(Scraped caption text data)
"""

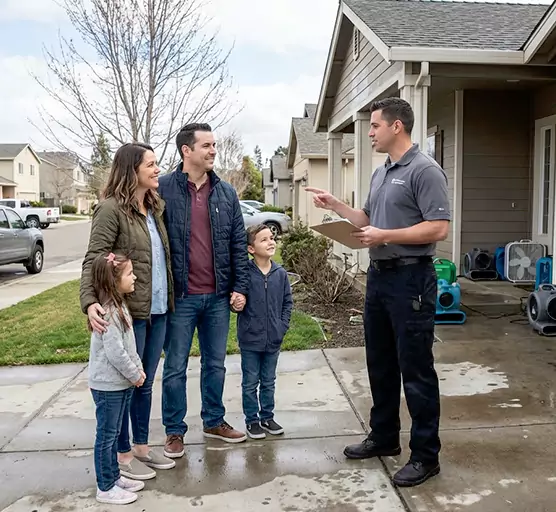 Trusted Water Damage Restoration Specialists in Garland, TX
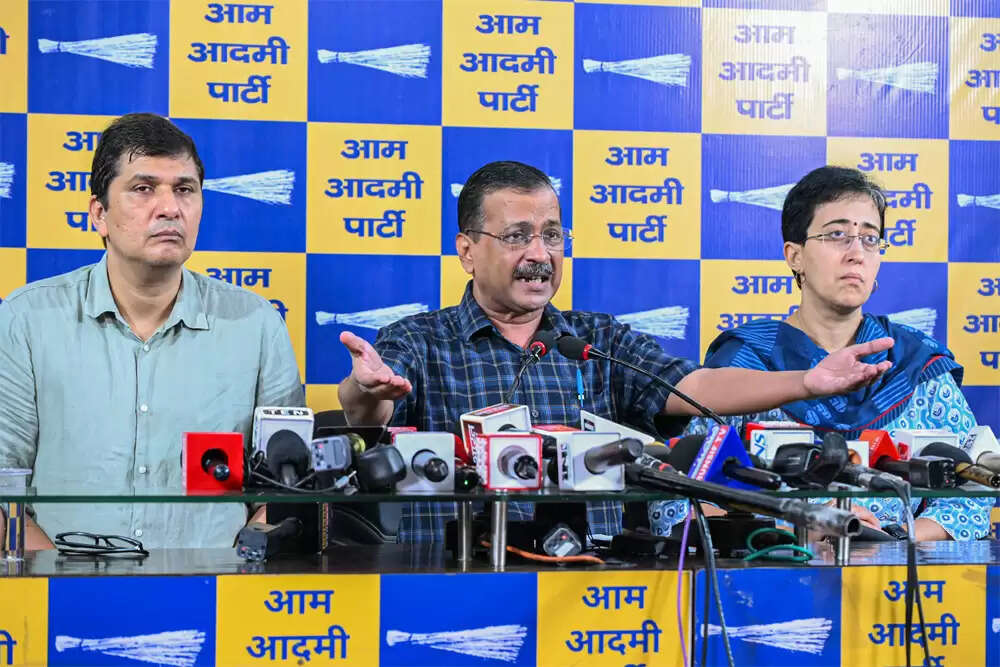 गोवा में आम आदमी पार्टी में बगावत, नेतृत्व पर उठे सवाल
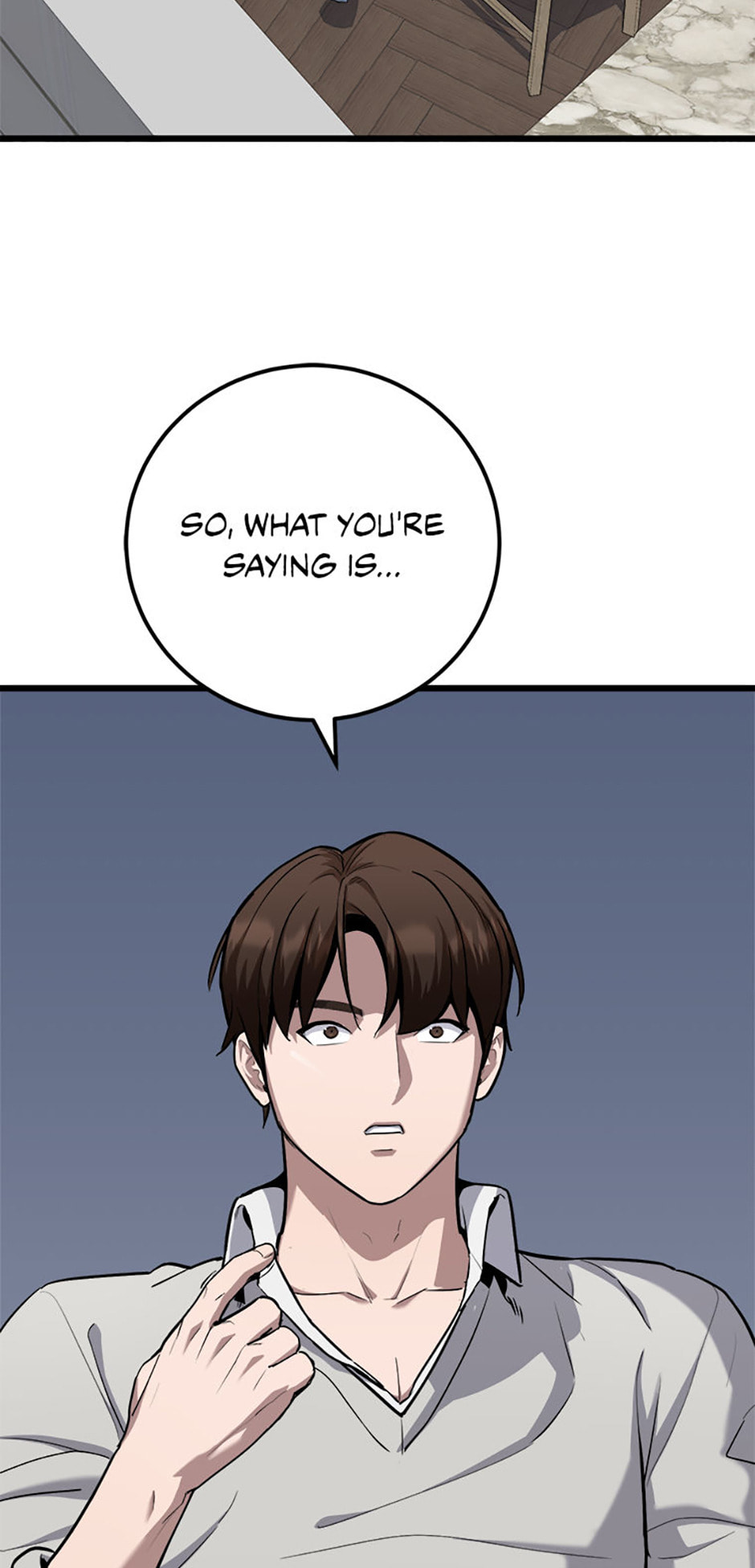 Level 1 Player Chapter 108 page 7 - 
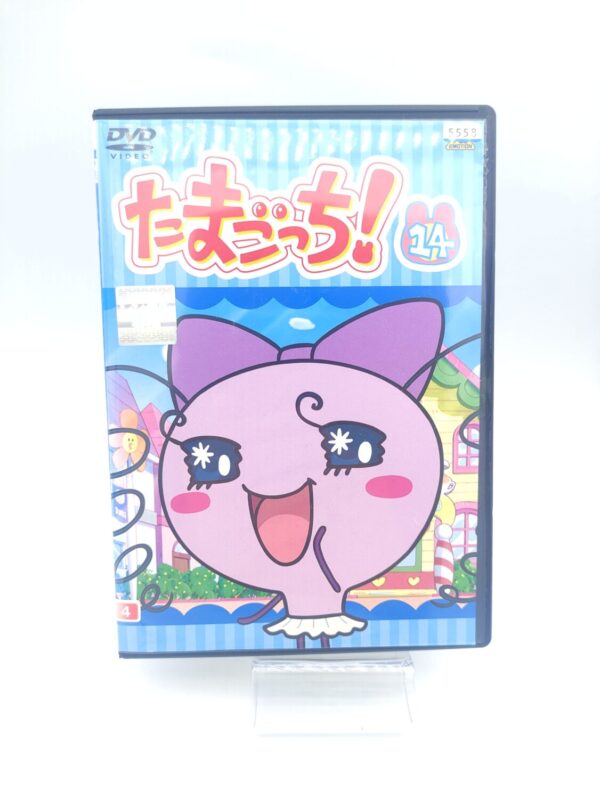 Tamagotchi! DVD Volume 14 Bandai Boutique-Tamagotchis
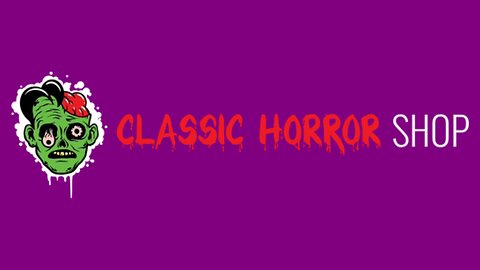 Classic Horror Shop [Official Website]
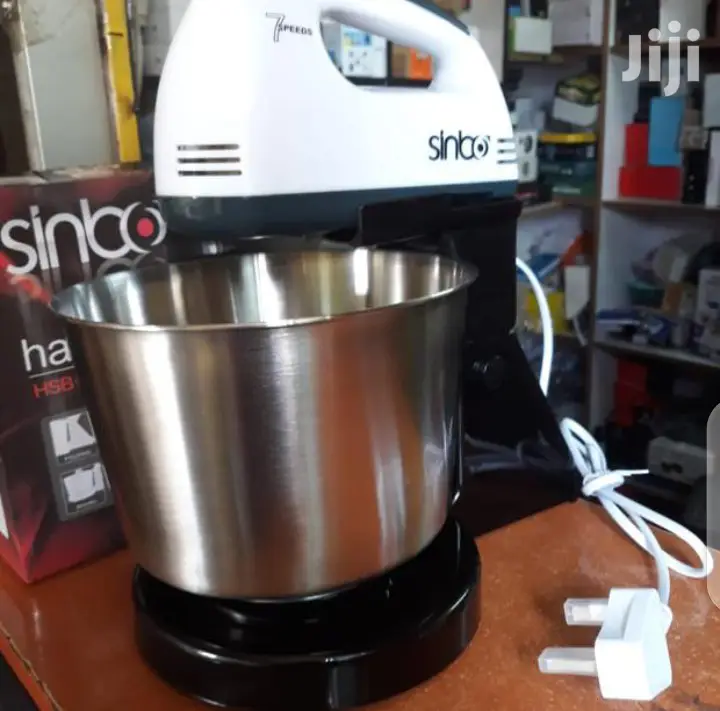 Top Quality Mixer With Bowl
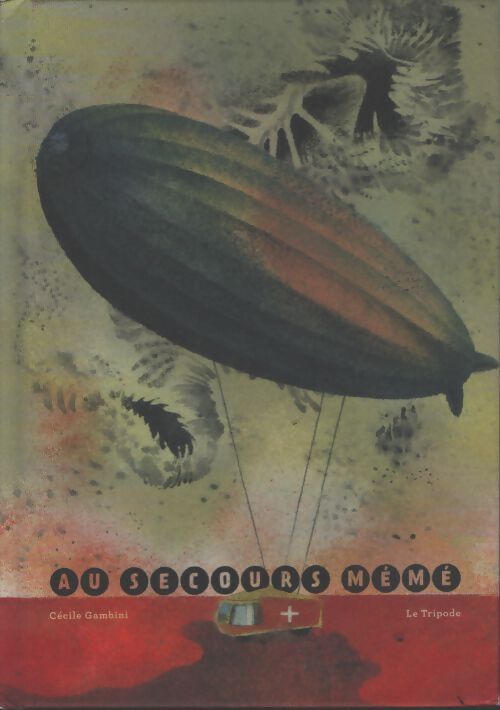 Au secours mémé - Cécile Gambini - Livre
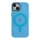 Купити Чохол TPU+PC Space Magnetic Color with Magsafe для iPhone 15 Blue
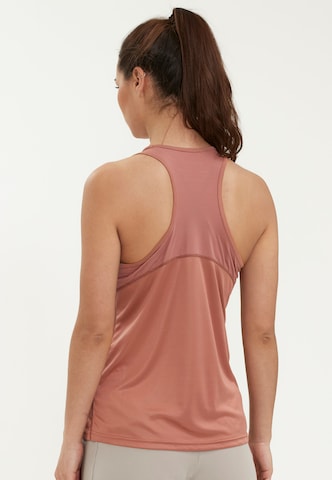 ENDURANCE Funktionsshirt 'KATERLY' in Pink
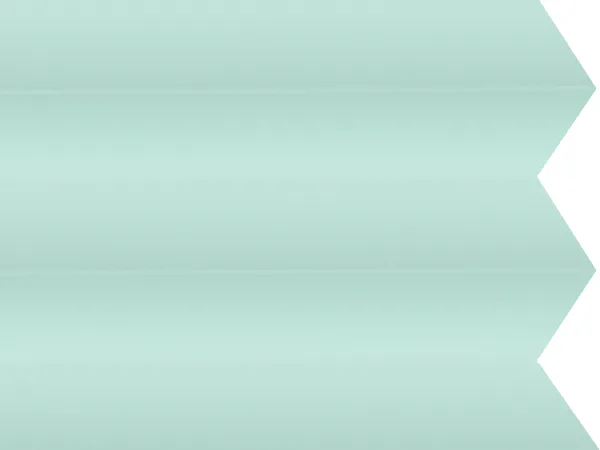 Plisé rolety LUX - látka Cool mint 11240 - BLACKOUT (zatemňujúca)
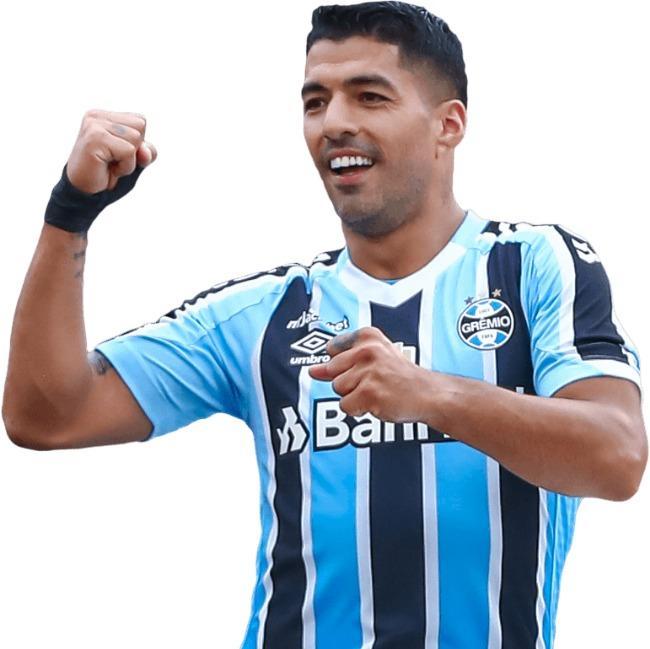 Luis Suárez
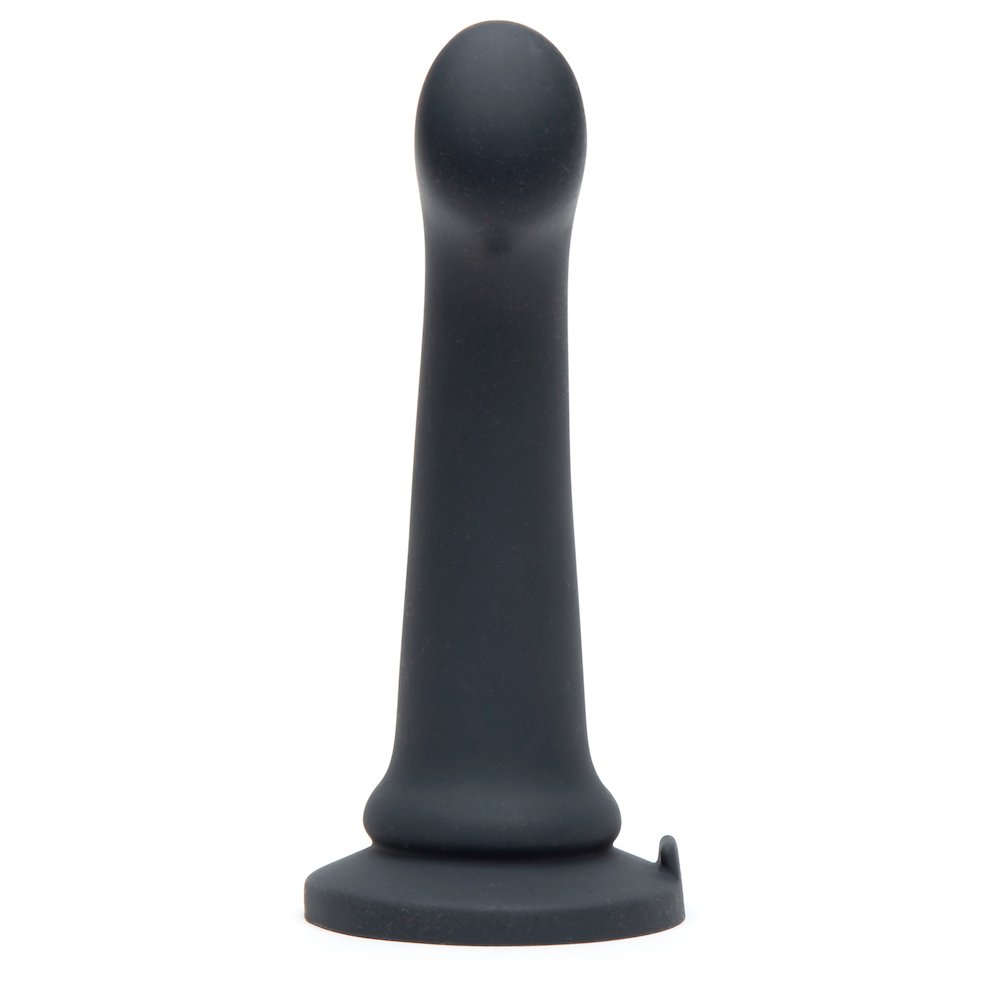 Fifty Shades of Grey Feel it Baby 7 Inch Silicone G-Spot Dildo - Image 2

"""

Print exactly the line containing "ENDURANCE Funktionsshirt 'KATERLY' in Pink" and every line after it through the final line above, and leave all pictures out.

SOLUTION FOR THIS TASK:
 ENDURANCE Funktionsshirt 'KATERLY' in Pink
 Plisé rolety LUX - látka Cool mint 11240 - BLACKOUT (zatemňujúca)
 Luis Suárez
 Fifty Shades of Grey Feel it Baby 7 Inch Silicone G-Spot Dildo - Image 2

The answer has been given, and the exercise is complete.